Un niveau de remplissage « normal pour la saison »

En cette journée « événement » pour le lac et face à l’été potentiellement compliqué qui s’annonce avec la sècheresse, le compte Twitter de l’office du tourisme de Serre-Ponçon a par ailleurs publié un thread expliquant son niveau de remplissage actuel, qualifié de « normal pour la saison ».

Actuellement à 60% de sa capacité, le lac-réservoir est en phase de remplissage, alimenté par les eaux de la Durance et la fonte des neiges. A l’automne et en hiver, la réserve en eau est sollicitée pour produire de l’électricité. Mais depuis mi-février, priorité est donnée au stockage.

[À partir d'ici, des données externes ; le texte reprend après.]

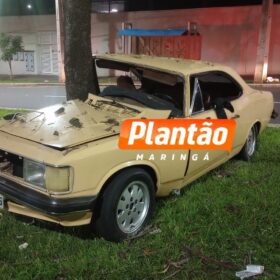Motorista sem habilitação perde controle e bate opala contra árvore em Maringá Foto 1 Fotos de Motorista sem habilitação perde controle e bate opala contra árvore em Maringá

Le lac artificiel de Serre-Ponçon reste donc sans commune mesure avec les méga-bassines comme celle de Sainte-Soline où de violents affrontements entre manifestants et forces de l’ordre ont eu lieu samedi 25 mars. Plusieurs associations et mouvements écologiques sont opposés à ces retenues d’eau creusées dans la terre ; ils dénoncent en effet un « accaparement » de l’eau par « l’agro-industrie » à l’heure du changement climatique.

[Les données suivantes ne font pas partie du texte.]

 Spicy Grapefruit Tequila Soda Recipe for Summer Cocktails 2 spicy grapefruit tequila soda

Seize bassines, d’une capacité totale d’environ 6 millions de mètres cubes, doivent être créées pour stocker, en plein air, de l’eau puisée dans les nappes superficielles en hiver, afin d’irriguer les cultures en été quand les précipitations se raréfient, selon un principe de « substitution ». Ce projet soutenu par l’État est porté par un groupement de quelque 450 agriculteurs qui y voient un moyen d’assurer la survie de leurs exploitations face aux sécheresses à répétition.

Dans les deux cas, au lac de Serre-Ponçon et à Sainte-Soline, le réchauffement climatique jouera un rôle majeur dans les années futures, alors que les experts anticipent une diminution de 10 à 40 % de la ressource en eau, jusqu’ici abondante dans le climat tempéré de la France, dans les prochaines décennies.